In Aue bleibt der TSV 1860 München unter Trainer Argirios Giannikis weiter ungeschlagen. Die neue sportliche Leitung beim Drittligisten versucht, den großen Streit im Verein zu ignorieren.

Von Christoph Leischwitz

Selbst für 1860-Verhältnisse war es wieder eine aufregende Woche gewesen, es gab ein Flutlicht-Heimspiel (1:1 gegen Sandhausen), bei dem sich die eigenen Fans verbal angingen und sich der Präsident "Reisinger raus"-Rufe anhören musste; dafür bekam der so gut wie geschasste Vizepräsident Hans Sitzberger auf der Haupttribüne Applaus. Es gab einen Post unbekannter Herkunft in den sozialen Medien, der die gesamte Investorenseite im Stile eines RAF-Fahndungsplakats der 1970er-Jahre darstellte und auf den der Klub mit einer Stellungnahme reagierte; es gab vier Zu- und zwei Weggänge, wobei bisher nicht so richtig klar ist, wie das Budget solch eine Vergrößerung des Kaders zulässt. Und zuletzt gab es dann noch den Rauswurf des kaufmännischen Geschäftsführers, dessen Arbeit 40 Stunden nach Schließung des Transferfensters offensichtlich nicht mehr benötigt wurde - der Nachfolger von Marc-Nicolai Pfeifer, Oliver Mueller, wird am Montag offiziell vorgestellt.
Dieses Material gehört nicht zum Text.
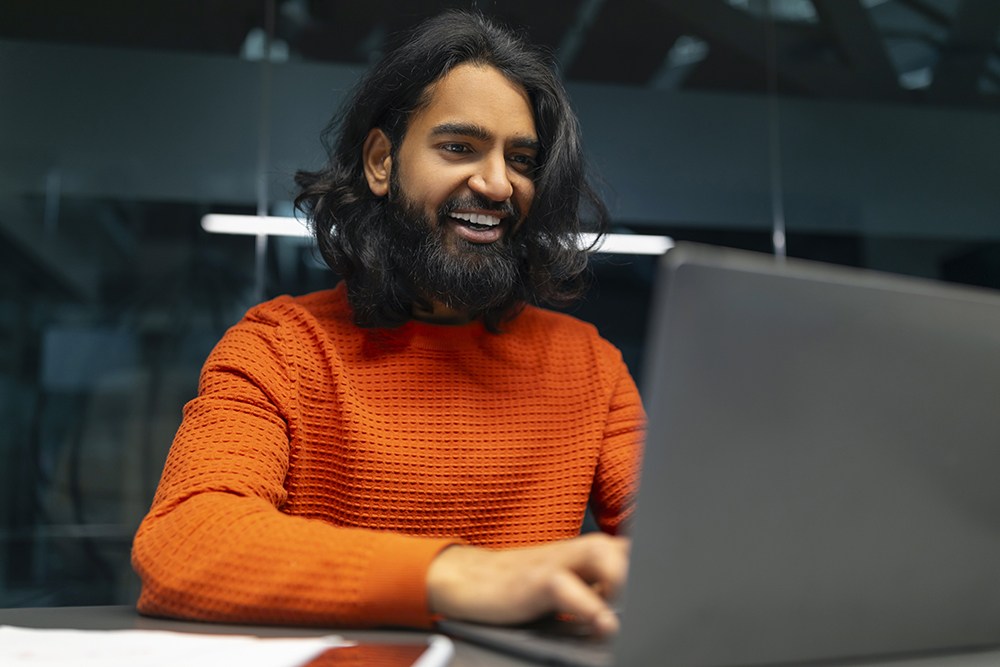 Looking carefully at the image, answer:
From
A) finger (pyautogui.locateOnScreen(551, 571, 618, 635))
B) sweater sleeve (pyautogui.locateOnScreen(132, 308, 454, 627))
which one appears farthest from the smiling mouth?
finger (pyautogui.locateOnScreen(551, 571, 618, 635))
So saß statt Pfeifer am Samstag beim Auswärtsspiel in Aue Christian Werner mit auf der Bank, aber nicht nur der neue Sport-Geschäftsführer dürfte sich gedacht haben: Der Aufenthalt im Erzgebirge gehörte zu den weniger aufregenden Phasen dieser Woche. Zwar wurde das Spiel gegen Ende noch zur Zitterpartie, auch, weil Phillipp Steinhart 13 Minuten nach seiner Einwechslung eine berechtigte rote Karte sah (86.). Am Ende stand aber doch ein leistungsgerechtes 0:0. Ein Ergebnis, mit dem einerseits Trainer Argirios Giannikis leben konnte. Er verwies darauf, zum ersten Mal ohne Gegentor geblieben zu sein, und dass "wir weiter ungeschlagen sind" - nach nunmehr fünf Pflichtspielen unter seiner Leitung. Andererseits ist es ein Resultat, das eine ähnliche Wirkung hat wie Knoblauch: Es senkt vielleicht den Blutdruck bei all jenen, die sich schon seit Längerem nicht mehr riechen können.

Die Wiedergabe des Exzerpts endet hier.